The Atlantic

The Crime-Bill Debate Shows How Short Americans’ Memories Are

In hindsight, complicated policy conversations get flattened into stark shades of right and wrong.
Source: Carlo Allegri / Reuters

It was a moment that may come back to haunt Joe Biden—perhaps as soon as tonight’s Democratic debate: In an earlier round this summer, Senator Cory Booker of New Jersey wheeled on the former vice president, attacking his sponsorship of the 1994 federal crime bill with a roundhouse punch. “There are people right now in prison for life for drug offenses,” Booker said, “because you stood up and used that tough-on-crime phony rhetoric that got a lot of people elected but destroyed communities like mine.”

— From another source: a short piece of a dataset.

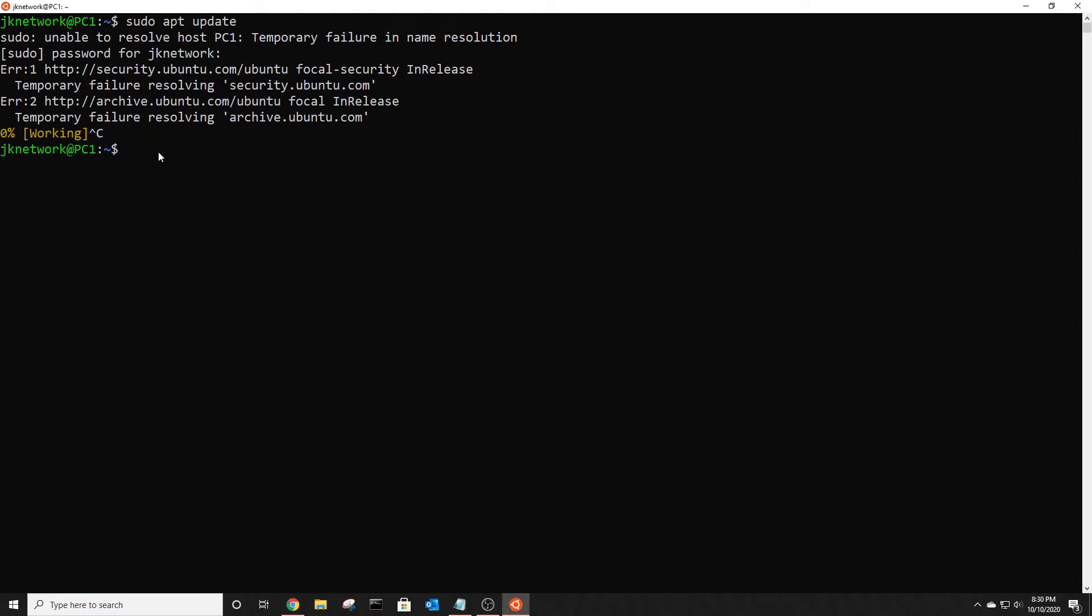The first thing you need to do is run sudo nano /etc/hosts.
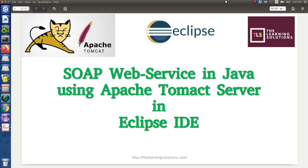Hello students. In this tutorial we will see how to implement SOAP based web service in Java by using Apache Tomcat server in the Eclipse IDE. In my last tutorial video I have explained how to install Apache Tomcat server in the Eclipse IDE. The link of that video is mentioned in the description box.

It is true that the bill—which extended the death penalty to 60 new crimes, stiffened sentences, offered states strong financial incentives for building new prisons, and banned a range of assault weapons—helped lead to the wave of mass incarceration that’s resulted in the United States accounting for 25 percent of the world’s prison population.

But Booker’s implication that the law was simply a cynical sop to fearful white voters is at odds with the political realities of the time, when the bill passed with bipartisan support, including the votes of more than two-thirds of the Congressional Black Caucus (CBC), and with the backing of other black leaders beyond Capitol Hill. This is the second straight presidential election in which the crime bill has loomed as a loaded issue—Hillary Clinton was excoriated from the left in 2016 for her past support—and it will doubtless continue to surface as long as Biden is in the race.